L’industrie a alimenté son essor par la maîtrise de ce
processus de transformation. L’automobile illustre clairement ce phénomène. Au
début du XXe siècle les premières voitures automobiles étaient construites à
l’unité à la main. C’étaient des produits artisanaux, extrêmement coûteux,
réservés à une élite. Il a fallu Henry Ford dès 1908 pour comprendre que ce
produit rencontrerait une demande forte si on en abaissait considérablement le
prix de production, et pour cela il fallait casser le modèle de production
unitaire pour passer à la grande série. Standardisation et mise en place de
chaînes d’assemblage servies par des ouvriers exécutant des tâches simples et
répétitives ont permis le décollage de cette industrie. Ce processus s’est
amplifié avec la robotisation qui a conduit à un accroissement de la qualité, à
la réduction de la pénibilité du travail et, in fine, à la contraction du
nombre de travailleurs. Le volume de travail direct engagé pour construire une
voiture moderne est très faible. L’usine Renault de Flins est passée de 21 000
salariés dans les années 70 à moins de 3 000 aujourd’hui pour une production
seulement inférieure de 50 %.
La désindustrialisation affecte la plupart des grandes
nations industrielles, sauf l’Allemagne qui a su résister par une offre de
biens industriels, notamment d’équipement, qui a trouvé dans la croissance des
BRIC des débouchés naturels.
L’industrie française peut continuer son développement grâce
au renouvellement de son offre dans les secteurs puissants comme l’industrie du
transport ou l’agro-alimentaire. L’exemple de l’aéronautique démontre que
l’effet qualité de l’offre l’emporte sur les effets coûts de main d’œuvre, qui
sont aujourd’hui globalement de même niveau que dans l’industrie allemande.

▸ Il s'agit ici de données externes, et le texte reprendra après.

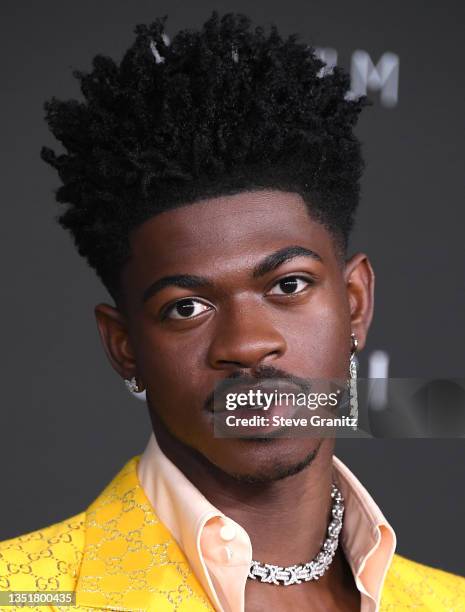 Lil Nas X arrives at the 10th Annual LACMA ART+FILM GALA Presented By GucciLos Angeles County Museum of Art on November 06, 2021 in Los Angeles,...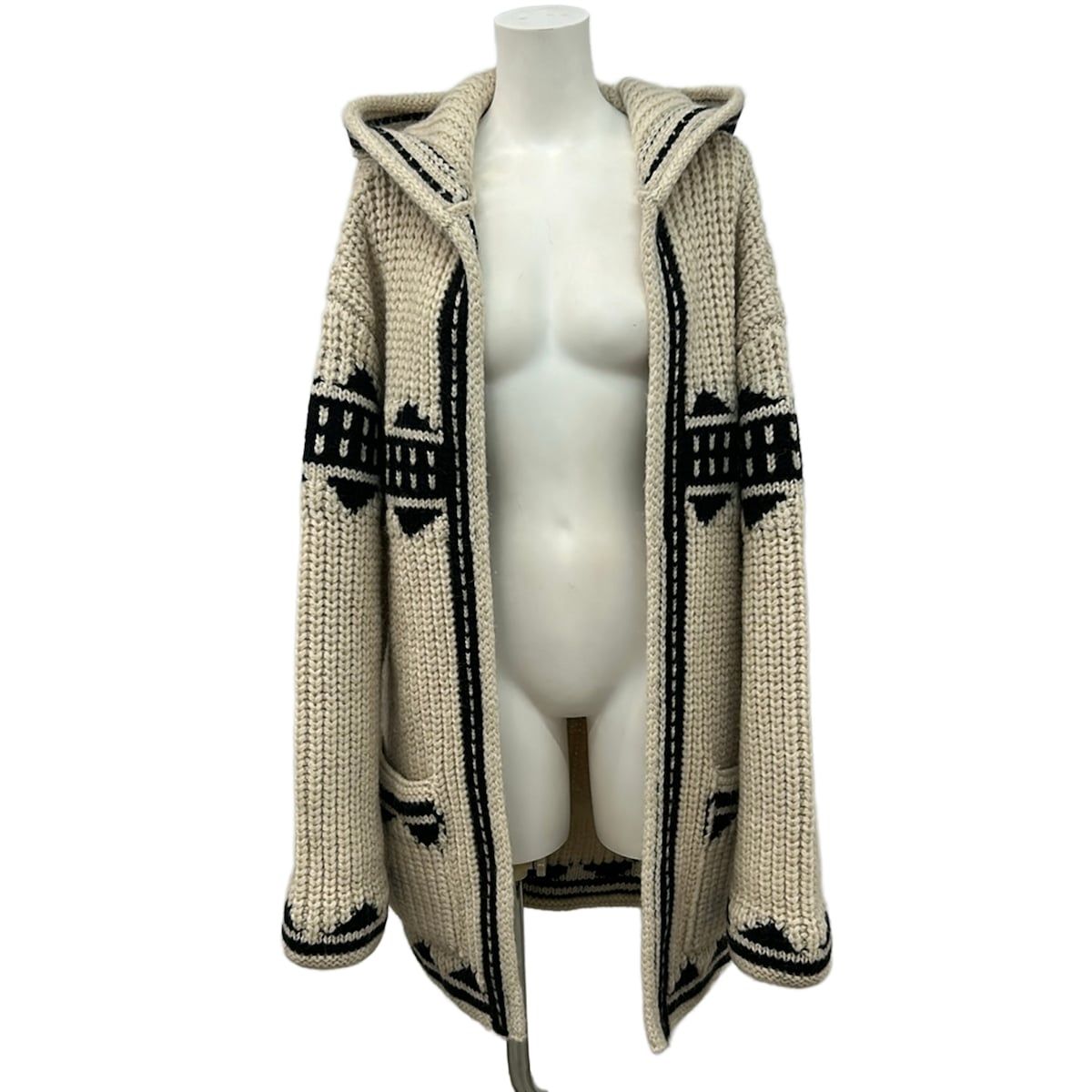 Saint Laurent Paris Cardigan Ivory Black Long Sleeve Hooded M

Grâce aux pôles de compétitivité, et aux investissements d’avenir, notamment,
le renouvellement de cette offre fait l’objet d’un intense effort collectif.
Elle doit s’accompagner pour être efficace d’un renouvellement de l’appareil
industriel, vieilli, et le développement de la robotisation de la production
indispensables à l’efficience du processus industriel et à la qualité des
produits. Le stock de robots installés au 31 décembre 2011 était plus de quatre
fois supérieur en Allemagne et presque deux fois supérieur en Italie. La France
ne comptait alors que 34 500 robots, contre 62 300 en Italie et 157 200 en
Allemagne et 29 900 en Espagne.
C’est au prix de ce double effort que la France pourra
maintenir une offre industrielle compétitive au plan mondial, créatrice de
valeur ajoutée, d’emplois qualifiés et de revenus fiscaux et
sociaux. Néanmoins, les nouvelles activités productives feront moins appel
à la main-d’œuvre qu’au « cerveau d’œuvre ». Design, intelligence
fonctionnelle, qualité, durabilité, efficience énergétique seront les
caractéristiques des produits industriels de demain qui pourront sans
difficulté être produits en France dans des unités petites, réparties sur le
territoire, hautement productives et faisant moins appel à une main-d’œuvre
généraliste, mais pilotées par des techniciens et ingénieurs mettant en œuvre
des techniques et des outils automatisés.